Available data Block Start
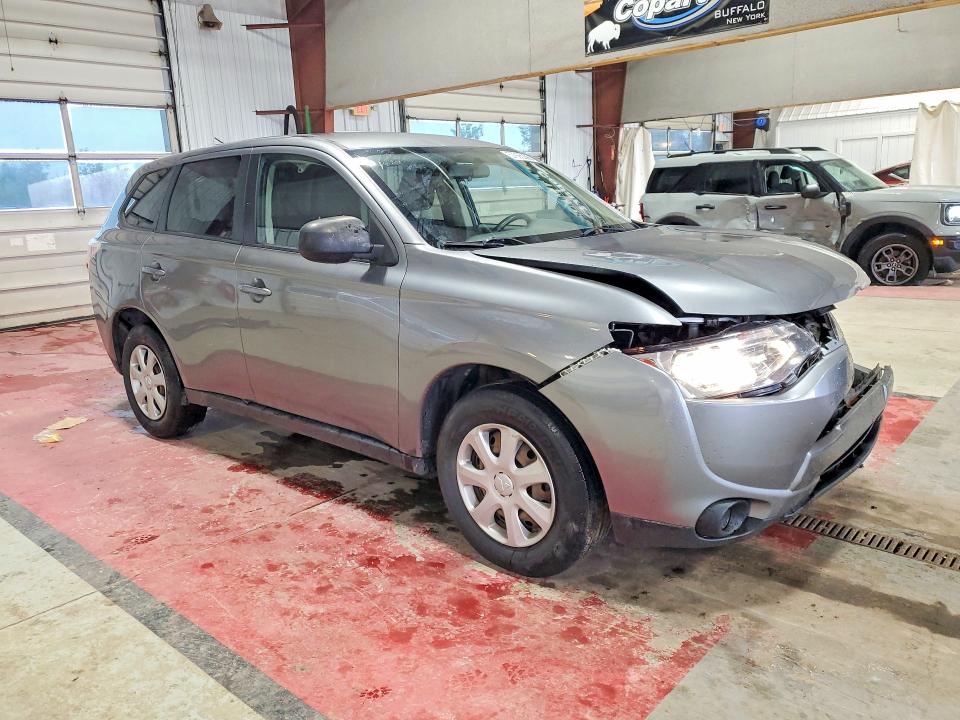 2014 Mitsubishi VIN JA4AD2A3XEZ003482 COPART salvage auction — FRONT END, Pa - Certificate Of Salvage, sold $1,000 on 2026-07-27 (photo 4)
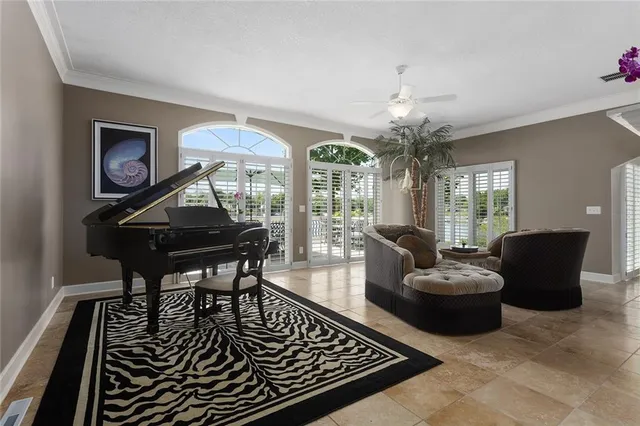 $1,850,000 | 223 North Shore Drive, Lake Waukomis, MO 64151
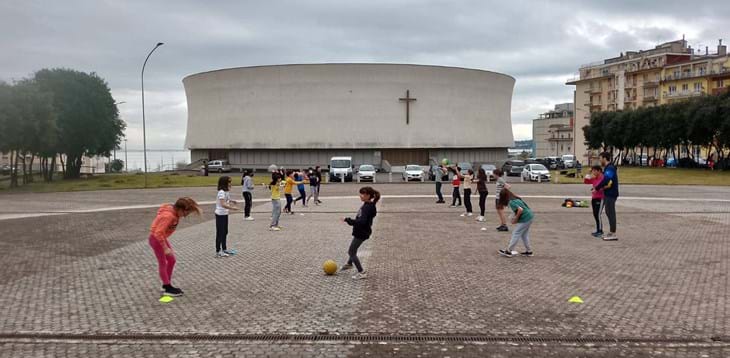 “ Ragazze in Gioco “ sul sagrato della cattedrale di “ Cristo Re “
Available data Block End
> Directions: The pictures should be dropped, and every line above should be set down again exactly.

> Finished exercise:
 2014 Mitsubishi VIN JA4AD2A3XEZ003482 COPART salvage auction — FRONT END, Pa - Certificate Of Salvage, sold $1,000 on 2026-07-27 (photo 4)
 $1,850,000 | 223 North Shore Drive, Lake Waukomis, MO 64151
 “ Ragazze in Gioco “ sul sagrato della cattedrale di “ Cristo Re “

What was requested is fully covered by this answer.